SOURCE MATERIAL:
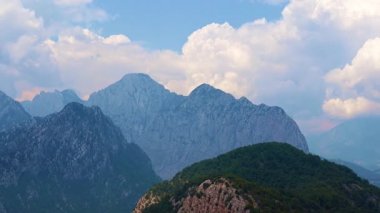 Antalya Türkiye yakınlarındaki güneşli gökyüzünün arka planında Tunektepe 'nin dağ zirveleri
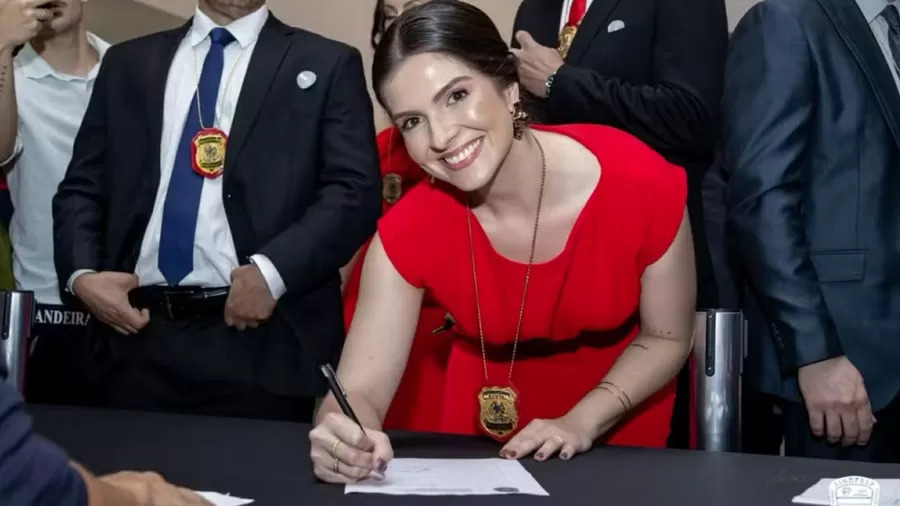 ‘mulher-deveria-ser-proibido’:-delegada-de-sp-e-alvo-de-ataques-machistas-apos-comemorar-posse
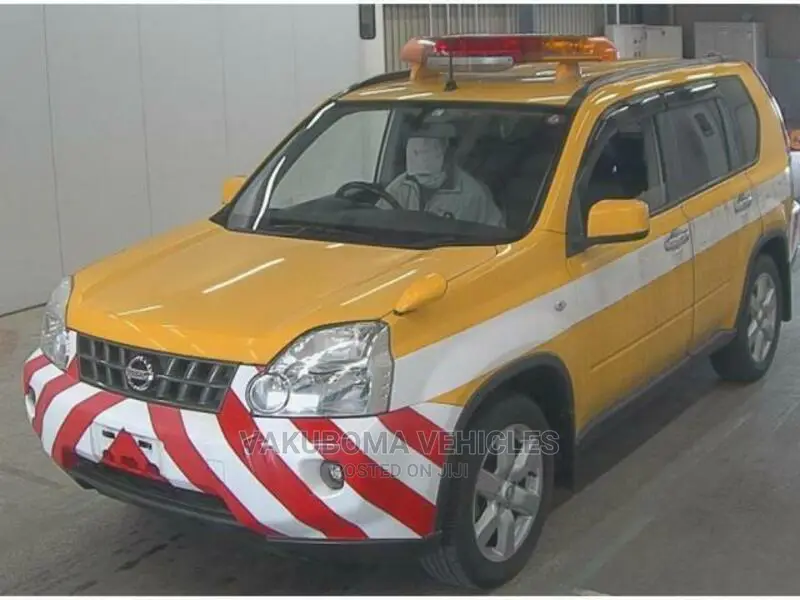 Nissan X-Trail 2010 Yellow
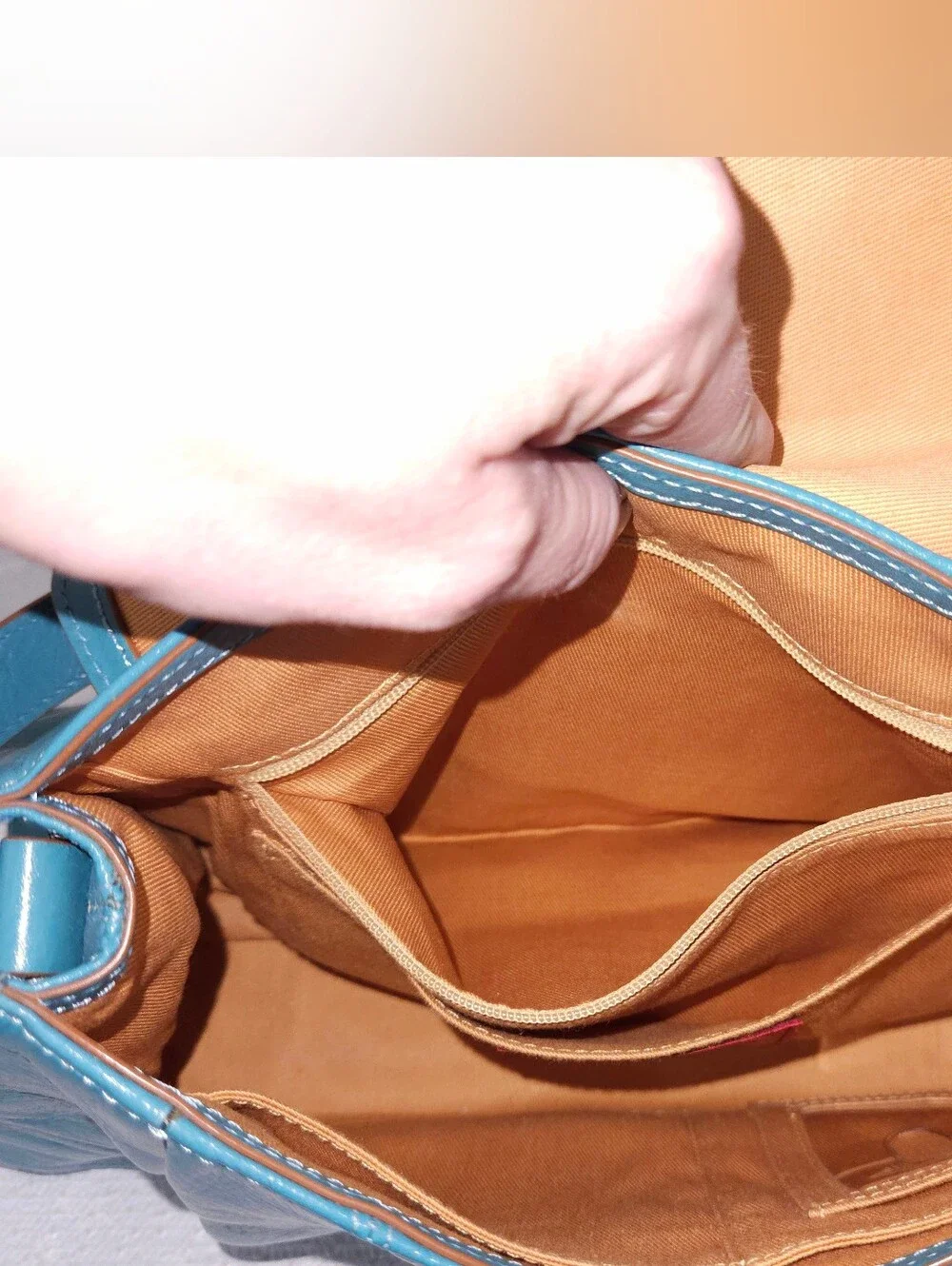 HOBO Catarina Shoulder Bag Turquoise Leather Purse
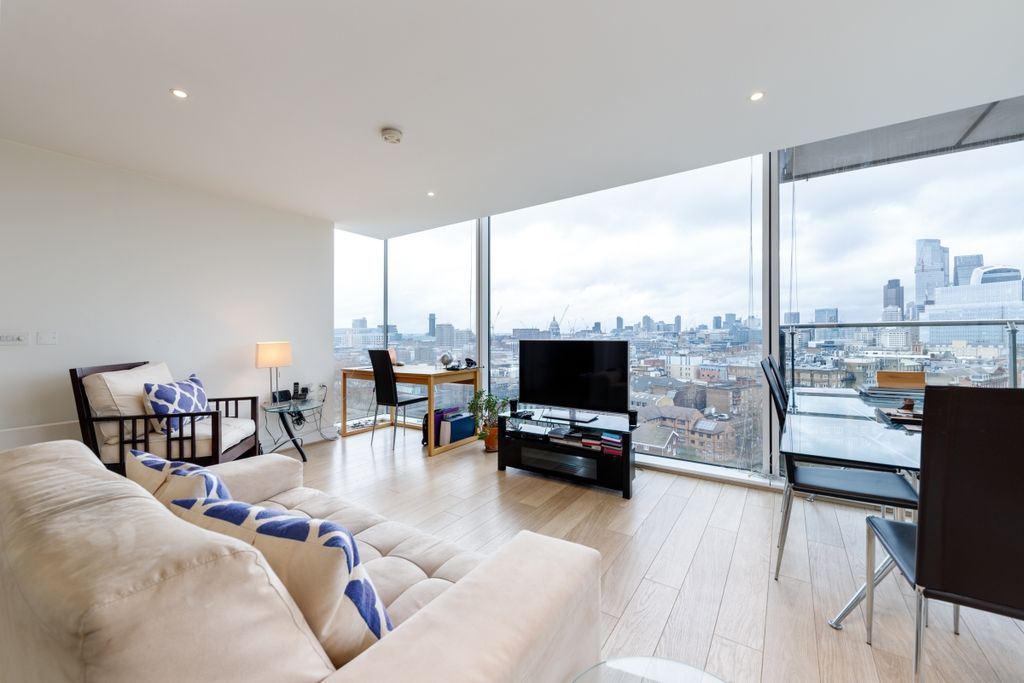 Property photo 3 of 16 Empire Square Wes...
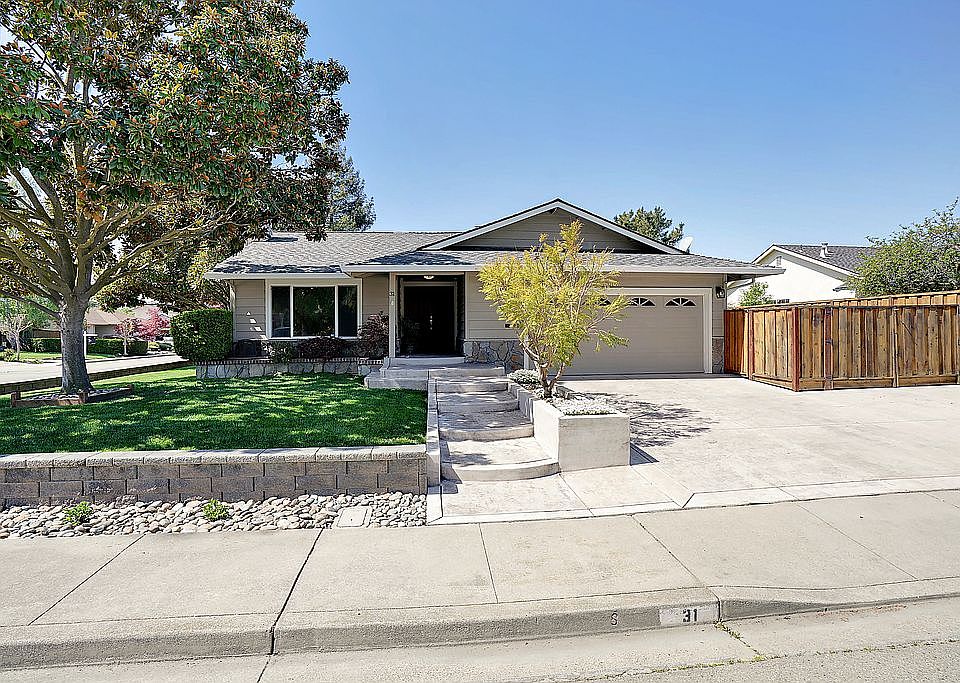 Stunning 2278SqFt 3+bed/2ba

TASK: The expected output is the lines from the line that contains "HOBO Catarina Shoulder" through the last line of the material, reproduced exactly, with both ends present and pictures absent.

RESPONSE AREA:
 HOBO Catarina Shoulder Bag Turquoise Leather Purse
 Property photo 3 of 16 Empire Square Wes...
 Stunning 2278SqFt 3+bed/2ba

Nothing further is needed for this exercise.